A drone capable of delivering a package to your door will also be capable of delivering a small bomb. And I know this sounds alarmist, but poke around online a bit, and you’ll see that police departments all over are increasingly concerned about malicious uses of drones as well as the inevitable accidents when they malfunction or wander into protected airspace.
They can fly under the radar, literally and figuratively, and require sophisticated technology to safely disable. Commercial aircraft, power plants, outdoor gatherings and even moderately fortified private homes are vulnerable to stealthy incursions from above.
Drone defenders will argue that hobbyists have flown radio-controlled model airplanes for well more than 50 years without ghastly incident, so all this fretting and legislating is unwarranted.
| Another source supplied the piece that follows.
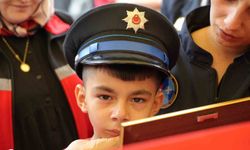 Şehidin eşi ve çocuğundan yürek yakan veda: Babaya son sarılış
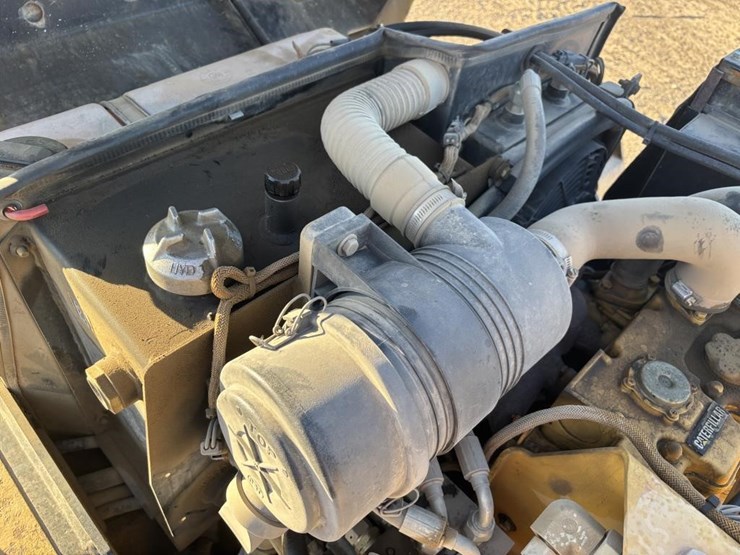 2006-caterpillar-cb-224e-image-27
If only. These things are no longer glorified toys. They’re getting cheaper and more sophisticated all the time, and the costs of protecting ourselves from them will rise accordingly.
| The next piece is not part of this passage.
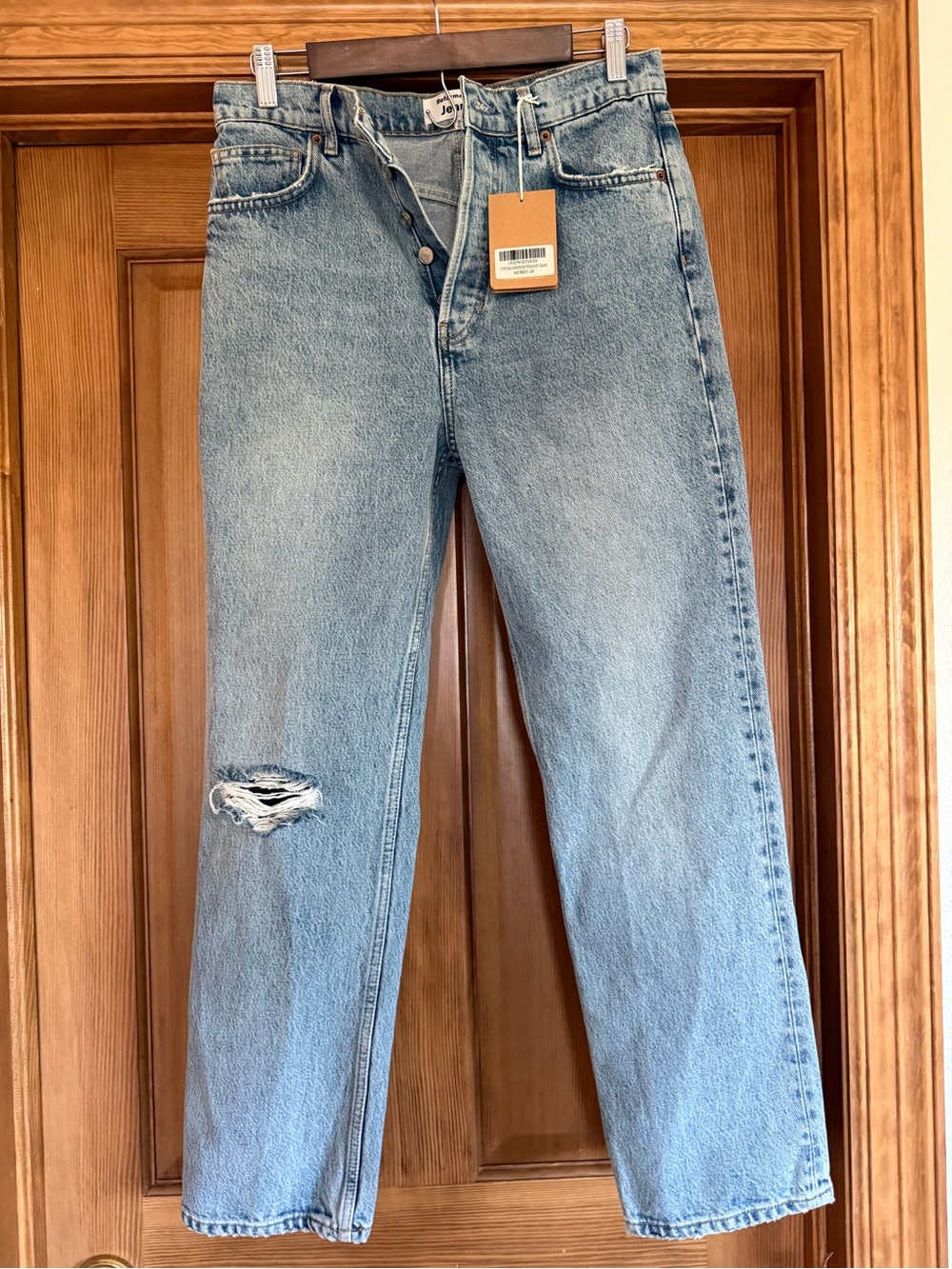 Reformation Straight Leg Jeans in Light Blue Wash NWT - Picture 9 of 9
And for what? So pizzas and prescriptions can one day be delivered faster? So we can enjoy more stunning aerial videos such as the tour of Chicago in winter posted to the Soaring Badger Productions YouTube site? So we can more easily keep track of our crumbling infrastructure? So farmers can monitor their crops from the comfort of their dens?
The number of uses — real and on the drawing board — is growing along with the consumer and commercial constituency for drones. Which is why we should prohibit their manufacture and sale now, before we get a heavily financed National Drone Association funding lawmakers at every level of government and trumpeting the idea that it’s a right, not a privilege, to keep and fly wee helicopters.
We’ll be sorry if we don’t strike an international treaty banning the civilian use of unmanned aerial vehicles and sharply limiting their use by law enforcement and the military.
Do I know how preposterous and reactionary this sounds? How it echoes of the vaporous panic with which history’s fools have greeted nearly every technological advance from the printing press to the Internet?
Do I realize the futility of railing against the tide of progress with feverish hypotheticals?
I do. And I know there’s a good chance that my yet-unborn grandchildren will one day find this column in a compendium of retrospectively amusing journalistic hysteria and have a good laugh at my expense over a drone-delivered takeout meal.
But do you realize, reader, that, whether we can stop them or not, the dangers of these devices are real and associated tragedies are inevitable? And that every once in awhile, the doomsayers have a point?